General information
- Type: Road
- Length: 17.9 km (11 mi)
- Route number(s): State Route 3

Major junctions
- North end: North Street (State Route 10), Southport
- Queen Street (State Route 20); Ashmore Road (State Route 24); Nerang–Broadbeach Road (State Route 90); Burleigh Connection Road (State Route 80);
- South end: Pacific Motorway (M1), Burleigh Heads

Location(s)
- Major suburbs: Surfers Paradise, Bundall, Broadbeach Waters, Burleigh Waters

= Southport–Burleigh Road =

Road in Gold Coast, Australia

Southport–Burleigh Road is a road in the city of Gold Coast in the Australian state of Queensland. It is designated as State Route 3 and runs 17.9 km from Southport to Burleigh Heads.
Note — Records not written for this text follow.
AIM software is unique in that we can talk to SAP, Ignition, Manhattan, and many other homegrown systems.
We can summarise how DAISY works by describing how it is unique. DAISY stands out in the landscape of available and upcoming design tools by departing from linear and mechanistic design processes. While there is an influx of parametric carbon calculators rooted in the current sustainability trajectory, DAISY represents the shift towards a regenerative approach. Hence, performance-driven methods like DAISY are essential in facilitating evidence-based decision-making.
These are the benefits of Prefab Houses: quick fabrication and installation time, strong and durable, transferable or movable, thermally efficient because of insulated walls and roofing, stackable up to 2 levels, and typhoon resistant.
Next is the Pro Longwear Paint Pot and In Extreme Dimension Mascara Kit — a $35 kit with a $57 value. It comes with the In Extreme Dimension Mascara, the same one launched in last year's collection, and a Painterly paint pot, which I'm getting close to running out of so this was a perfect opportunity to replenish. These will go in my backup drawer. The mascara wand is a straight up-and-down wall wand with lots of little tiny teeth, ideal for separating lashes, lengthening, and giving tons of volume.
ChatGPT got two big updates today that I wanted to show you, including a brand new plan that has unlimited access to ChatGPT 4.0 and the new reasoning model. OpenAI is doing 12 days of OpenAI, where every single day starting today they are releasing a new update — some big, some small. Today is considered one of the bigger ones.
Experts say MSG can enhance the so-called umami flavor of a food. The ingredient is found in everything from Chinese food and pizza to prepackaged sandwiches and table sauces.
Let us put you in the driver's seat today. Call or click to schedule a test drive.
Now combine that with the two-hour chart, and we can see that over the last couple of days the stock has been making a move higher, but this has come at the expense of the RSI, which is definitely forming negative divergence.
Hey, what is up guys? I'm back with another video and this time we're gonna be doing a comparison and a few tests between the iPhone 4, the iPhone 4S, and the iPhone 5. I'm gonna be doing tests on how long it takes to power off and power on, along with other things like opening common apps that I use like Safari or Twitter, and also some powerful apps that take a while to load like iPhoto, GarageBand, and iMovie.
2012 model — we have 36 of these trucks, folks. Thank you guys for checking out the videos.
It includes four former suburban streets, which are still known locally by their original names. They are (from north to south):
- High Street
- Ferry Road
- Bundall Road
- Bermuda Street

It is a state-controlled district road (number 103).

==High Street==
High Street starts at an intersection with Stevens Street and runs south-west to North Street, where it turns south-east and becomes part of Southport-Burleigh Road. It continues through the Southport CBD until it reaches Queen Street, where it becomes Ferry Road.

==Major intersections==
The road is in the Gold Coast local government area.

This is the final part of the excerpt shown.